→ TASK DESCRIPTION
The entries below are to be given back exactly, with images excluded.

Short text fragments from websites
_ _ _

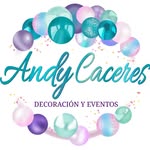ANDY CACERES DECORACION - @andycaceresdecoracion - Instagram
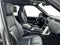 2016 Land Rover Range Rover Base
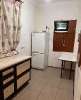 Сдам дом в Ростове на Дону, Александровка, ул. Солидарности 16, 95 м², 5 соток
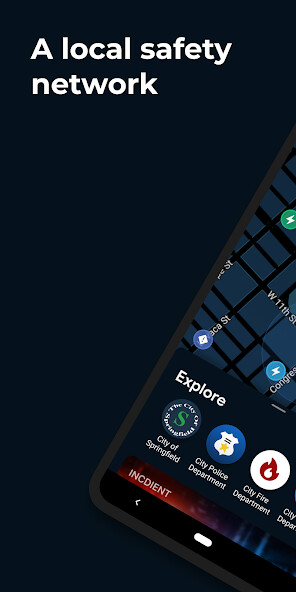 Run android online APK Atlas One from MyAndroid or emulate Atlas One using MyAndroid Run android online APK Atlas One from MyAndroid or emulate Atlas One using MyAndroid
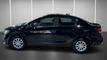 2017 Chevrolet Sonic 4dr Sedan Automatic LT - 23070383 - 6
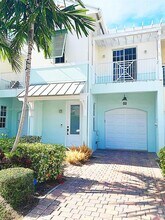 475 Ocean Ridge Wy in Juno Beach, FL - Building Photo - Building Photo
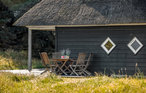 Ferienhaus - Gl. Skagen , Dänemark - A01815 9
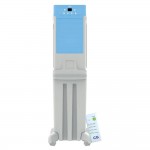 Tower Cooler 45 Ltr. | CGAR4508RT | Air Cooler Tower Cooler 45 Ltr. | CGAR4508RT | Air Cooler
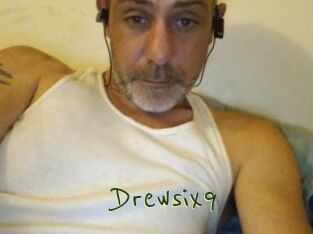Drewsix9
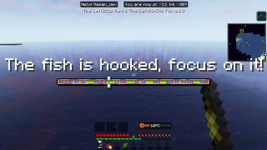 1781260638079.png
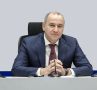Глава Карачаево-Черкесии поздравил выпускников республики с окончанием школы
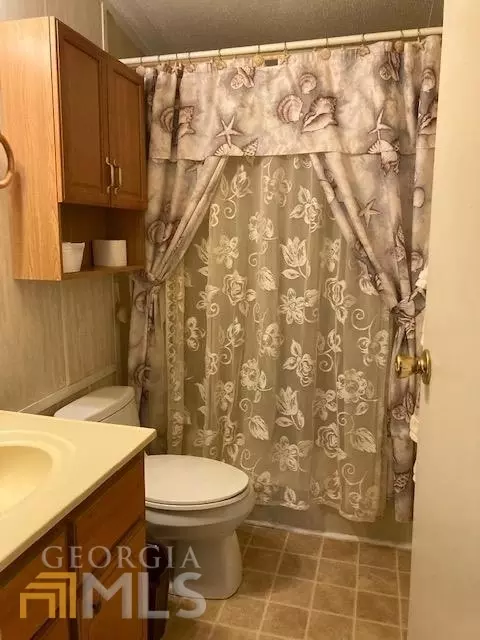 220 Baker Rd, Macon, GA 31211 photo 8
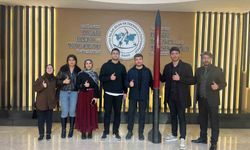 GİBTÜ'de 'Bilim ve Teknoloji Yarışmaları Koordinatörlüğü' kuruldu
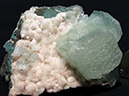 %_tempFileName0329_Apohyllite_India%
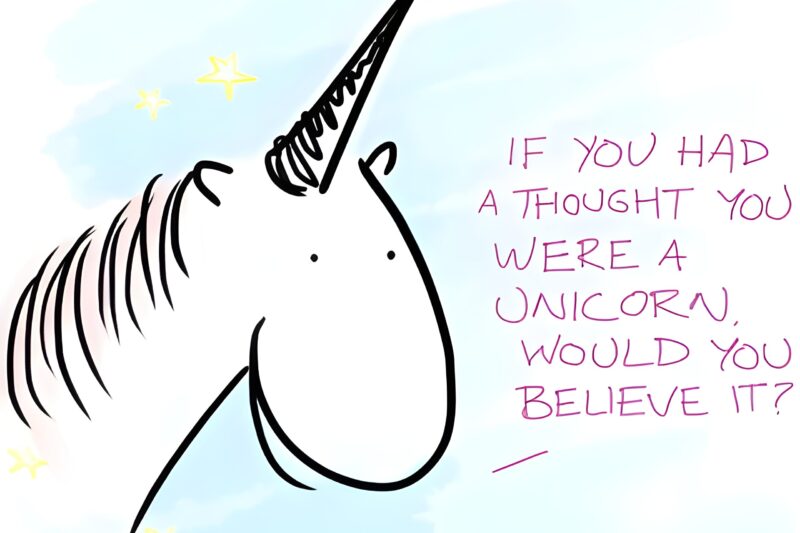 unicorn_thoughts_beliefs unicorn_thoughts_beliefs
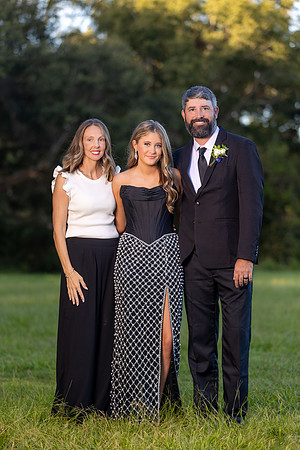 PRCHS_Homecoming_26-27_0040_1132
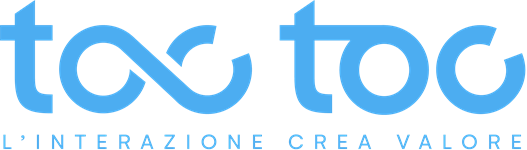 Toctoc logo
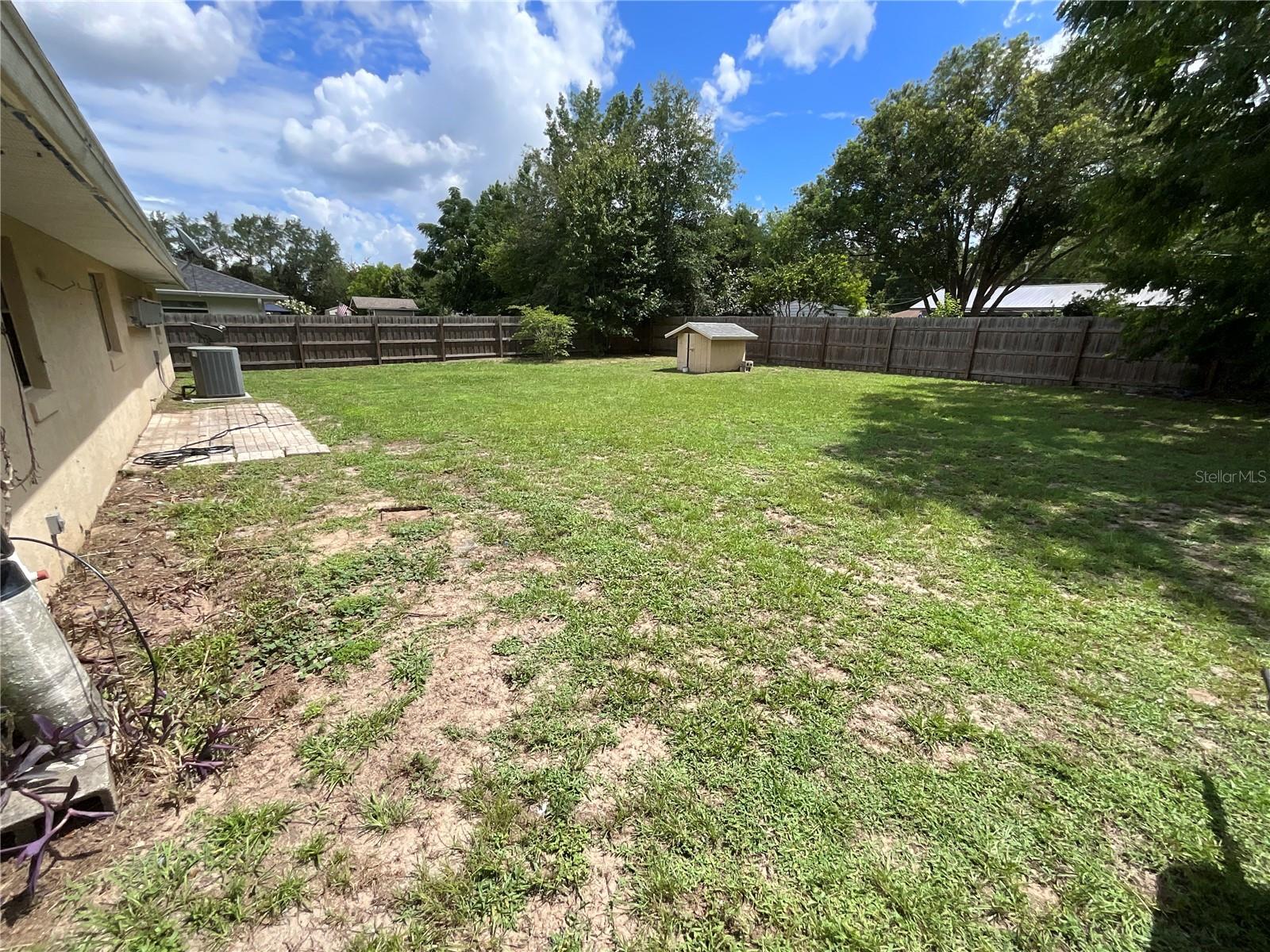 Image 28 of 34 For 11888 71st Avenue Road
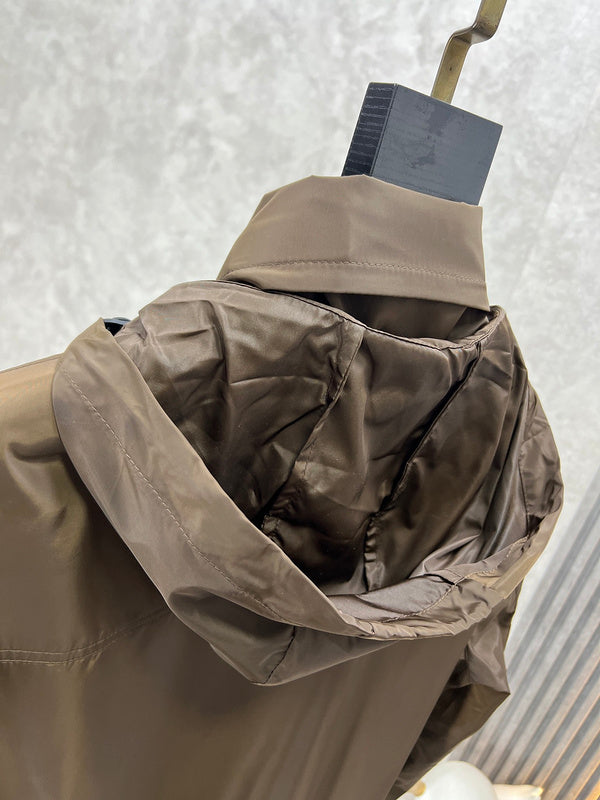 Burberry Luxury Clothes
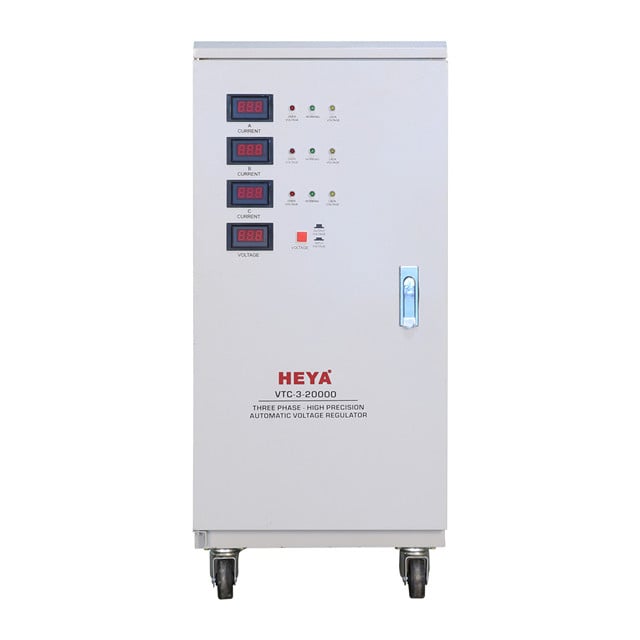 O1 20kva.jpg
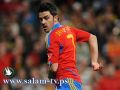 كبار أوروبا يسجلون انتصاراتهم في تصفيات يورو 2012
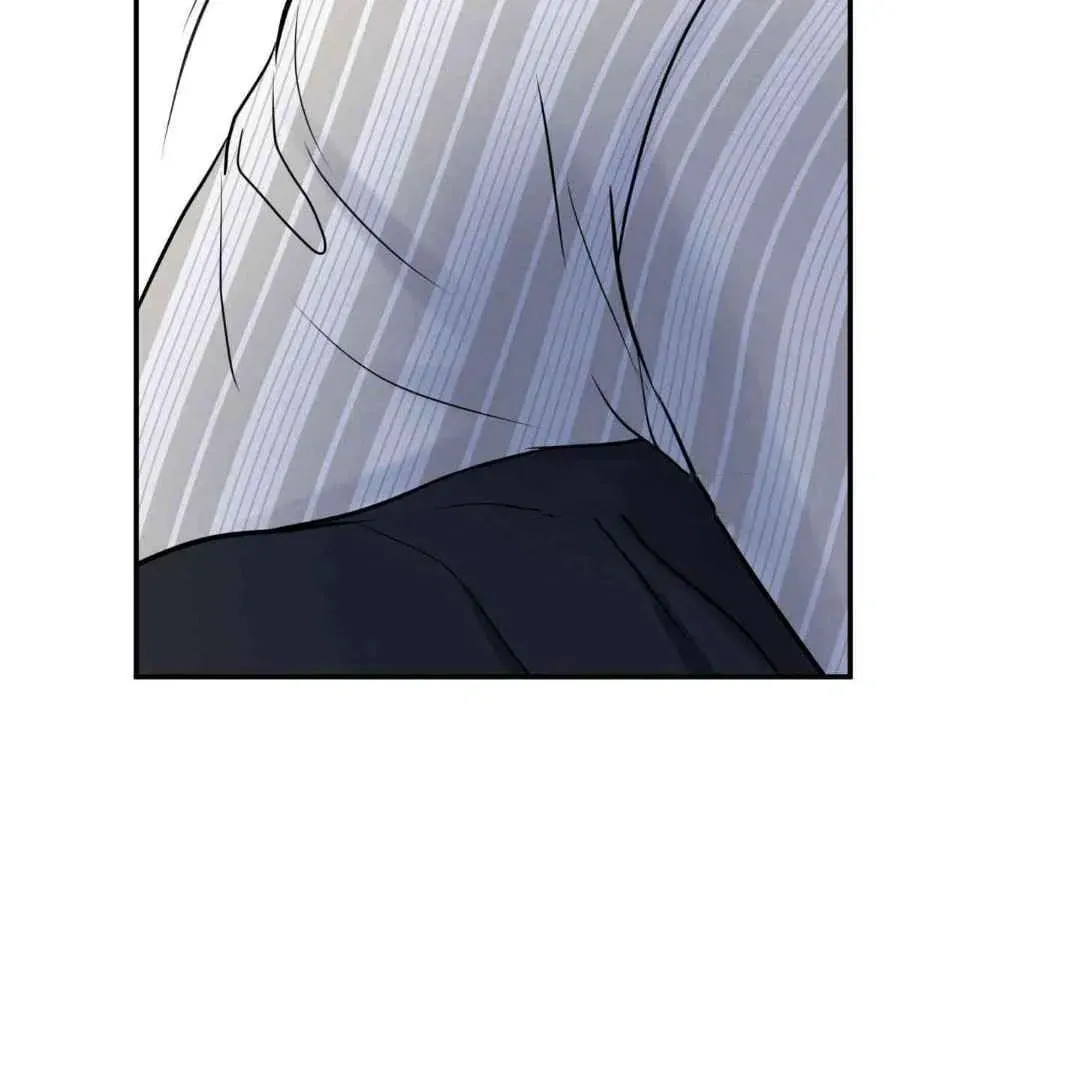 Overclock Chapter 43 page 98 - 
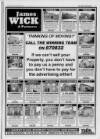 Beverley Advertiser Friday 13 August 1993 Page 33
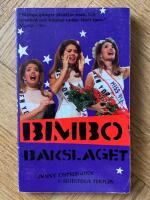 Bimbobakslaget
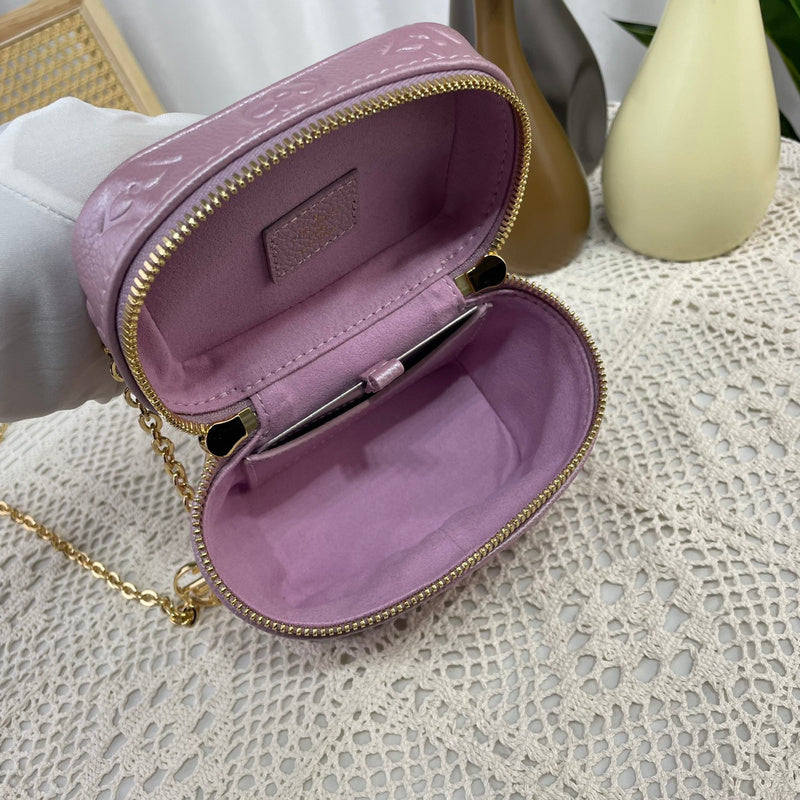 Amelia - LOV Lady Bags - 120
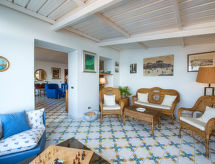 Ferienhaus Il Corallo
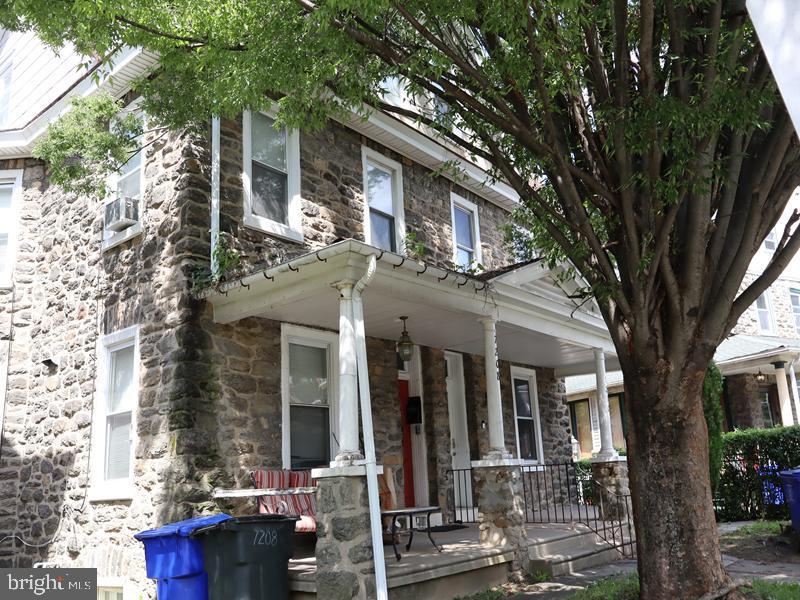 7208 CHESTNUT AVENUE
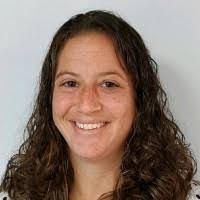 Northeastern Association of the Blind at Albany (NABA) Email Format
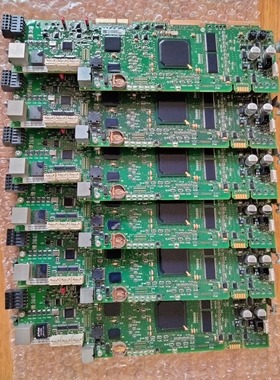 PN-382035,PN184930成色好，几乎，项目改【议价】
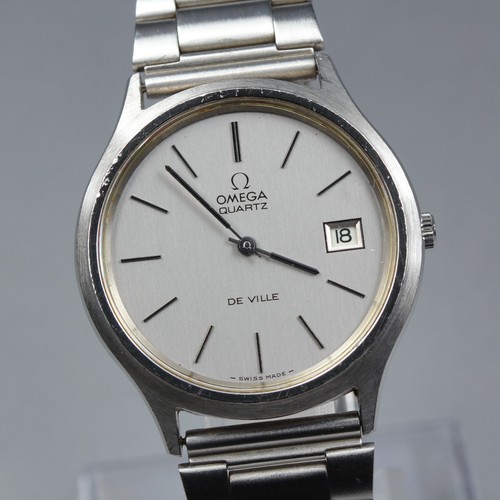 1974 omega ville 192 0027 - 1974,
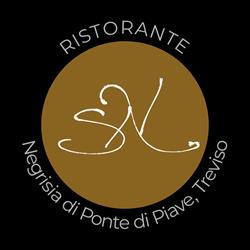 Ristorante Ai Sette Nani, Negrisia orari di apertura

_ _ _

→ TASK RESPONSE
ANDY CACERES DECORACION - @andycaceresdecoracion - Instagram
 2016 Land Rover Range Rover Base
 Сдам дом в Ростове на Дону, Александровка, ул. Солидарности 16, 95 м², 5 соток
 Run android online APK Atlas One from MyAndroid or emulate Atlas One using MyAndroid Run android online APK Atlas One from MyAndroid or emulate Atlas One using MyAndroid
 2017 Chevrolet Sonic 4dr Sedan Automatic LT - 23070383 - 6
 475 Ocean Ridge Wy in Juno Beach, FL - Building Photo - Building Photo
 Ferienhaus - Gl. Skagen , Dänemark - A01815 9
 Tower Cooler 45 Ltr. | CGAR4508RT | Air Cooler Tower Cooler 45 Ltr. | CGAR4508RT | Air Cooler
Drewsix9
 1781260638079.png
Глава Карачаево-Черкесии поздравил выпускников республики с окончанием школы
 220 Baker Rd, Macon, GA 31211 photo 8
 GİBTÜ'de 'Bilim ve Teknoloji Yarışmaları Koordinatörlüğü' kuruldu
 %_tempFileName0329_Apohyllite_India%
 unicorn_thoughts_beliefs unicorn_thoughts_beliefs
 PRCHS_Homecoming_26-27_0040_1132
 Toctoc logo
 Image 28 of 34 For 11888 71st Avenue Road
 Burberry Luxury Clothes
 O1 20kva.jpg
 كبار أوروبا يسجلون انتصاراتهم في تصفيات يورو 2012
 Overclock Chapter 43 page 98 - 
 Beverley Advertiser Friday 13 August 1993 Page 33
 Bimbobakslaget
 Amelia - LOV Lady Bags - 120
 Ferienhaus Il Corallo
 7208 CHESTNUT AVENUE
 Northeastern Association of the Blind at Albany (NABA) Email Format
 PN-382035,PN184930成色好，几乎，项目改【议价】
 1974 omega ville 192 0027 - 1974,
 Ristorante Ai Sette Nani, Negrisia orari di apertura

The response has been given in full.